* [Problem to work on] The listing is to be returned word for word, without its images.

+++

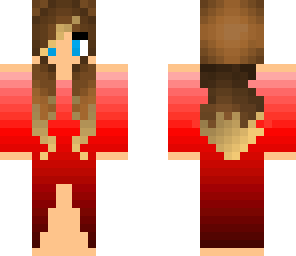 vixen's or female foxy ball gown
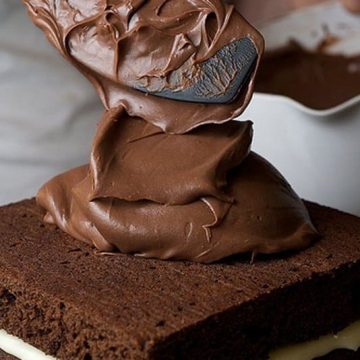 Шоколадный крем для бисквитного торта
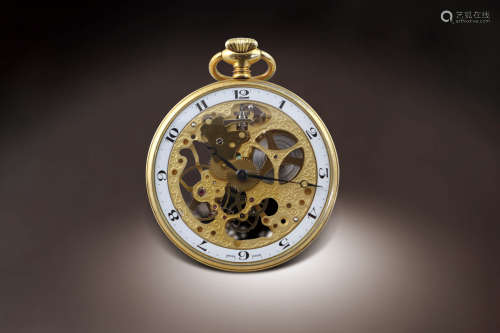 四十年代 江詩丹頓鏤雕懷錶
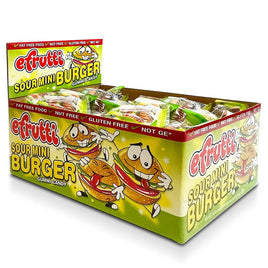 Efrutti Gummy Sour Mini Burger Box | 60ct, Box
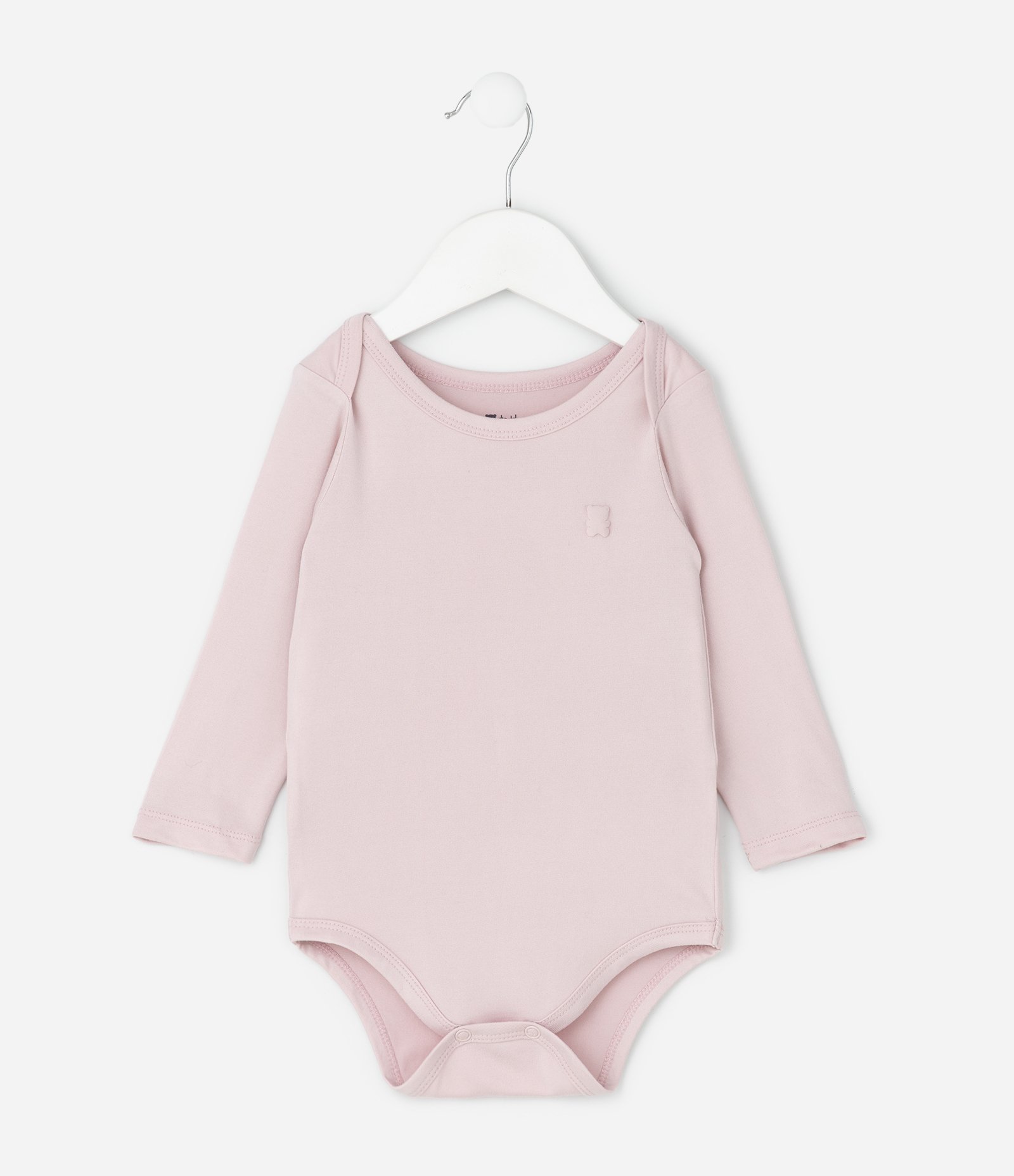 Conjunto Infantil Térmico com Body Manga Longa e Calça – Tam RN a 24 Meses Rosa Claro 2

+++

* [Exercise solution]
 vixen's or female foxy ball gown
 Шоколадный крем для бисквитного торта
 四十年代 江詩丹頓鏤雕懷錶
 Efrutti Gummy Sour Mini Burger Box | 60ct, Box
 Conjunto Infantil Térmico com Body Manga Longa e Calça – Tam RN a 24 Meses Rosa Claro 2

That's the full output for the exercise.